Monday, April 28, 2014

Chicken Taco Bowls

Chicken Taco Bowls

I had pin two different recipes... Here and Here... One was called a chili and the other a taco bowl and they both used the crockpot... But my chicken was already cooked... I took their ideas and made my own that I made without the crockpot.

Ingredients - 
2 cups shredded Chicken (I also had some broth with my chicken)
3 cups of Salsa
1 can black beans, drained
1/2 bag of frozen corn or 1 can of corn (I have made this twice and once used the frozen corn and once used the canned corn.)
1 Spoonful of Minced Garlic (I have a jar of minced garlic in the fridge and used a nice spoonful)
1 Tbsp Chili powder
1/2 Tbsp cumin
1/2 tsp dried oregano
1/8 tsp red pepper flakes (you could also use cayenne pepper)
Salt to taste
Pepper to taste
Cooked rice (you could use white, brown, or Mexican)
Shredded Cheese of choice

Add all ingredients to pot...

Love all the colors from everything!

Stir and cook til warm.
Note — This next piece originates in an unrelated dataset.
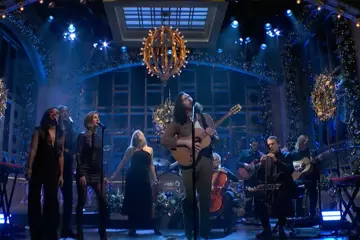 Hozier On 'Saturday Night Live'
I let mine simmer on medium-low heat for about 20-25 minutes to let me flavors mix together.

Serve over rice and add toppings of choice (cheese, sour cream, green onions, cilantro, etc.)

Monday, April 21, 2014

French Fried Onion Chicken and Rice Casserole

French Fried Onion Chicken and Rice Casserole

Who doesn't like French Fried Onions... And they can be used for things other than the Thanksgiving Green Bean Casserole... So when I found this recipe I had to try it!

For this casserole... Ingredients:
  • 1 box Chicken-flavor Rice-A-Roni
  • 1 can Cream Of Mushroom Soup 
  • 1 container Sour Cream
  • 2 cups cooked chicken (the original recipe used a Rotisserie chicken but I used boiled shredded chicken instead)
  • 1 container French-fried Onions

Cook Rice-A-Roni according to package.

While it cooked I put a large pot of chicken on to cook... But only used about 2 cups of the chicken, shredded for this recipe.

In a pan mix the soup and sour cream...

As well as the cooked Rice-A-Roni and cooked chicken...

TIP: You can shred your cooked chicken in your Kitchen Aid Mixer!

Mix all 4 ingredients (soup, sour cream, rice-a-roni, and chicken).

Bake at 350 degrees for 35 minutes.

Cover with the french fried onions and bake for 5 more minutes...

Then it is time to enjoy this yummy goodness!

Tuesday, April 1, 2014

Christy's Chili from Southern Plate Cookbook

Christy's Chili

This recipe comes from my Southern Plate Cookbook pg. 96 .

The Player

Ingredients - 
2 pounds ground meat (I used about 1 1/4)
One 29-ounce can kidney beans (with liquid) (I used 2 15.5 oz cans)
One 29-ounce can pinto beans (with liquid) (I used 2 15.5 oz cans)
One 29-ounce can tomato sauce
1 cup diced onions
1/2 cup diced green onions (I used a small can but can't remember the size)
3 medium tomatoes or one 29-ounce diced tomatoes (I used two bags of fresh tomatoes I had put up in the freezer this fall)
2 teaspoons salt
1 1/2 teaspoons black pepper
2 cups water
3 tablespoons chili powder
1/4 cup diced celery
2 teaspoons ground cumin

Meat, Onions, Celery, and Green Chillies


All the beans
Tomatoes, Tomato Sauce and Water to top off the crockpot

All done

All ready to eat topped with cheese and sour cream

Instructions - 

Brown the ground meat and drain off fat. (This time I didn't cook the onions with the ground meat but next time I will cook the onions some with the meat because they didn't all cook completely in the crockpot.)

In a large pot or crockpot (I used a crockpot), combine the ground meat with the remaining ingredients.

If cooking in a pot, bring to simmer over a low heat and cook, stirring every 15 minutes, for 2-3 hours.

If cooking in a crockpot, stir to combine and cover.

Cook on low for 7-8 hours or high for 3-4 hours. (For mine, I cooked it on high for 2 hours and on low for 4 more hours)

Top how you like your chili and ENJOY!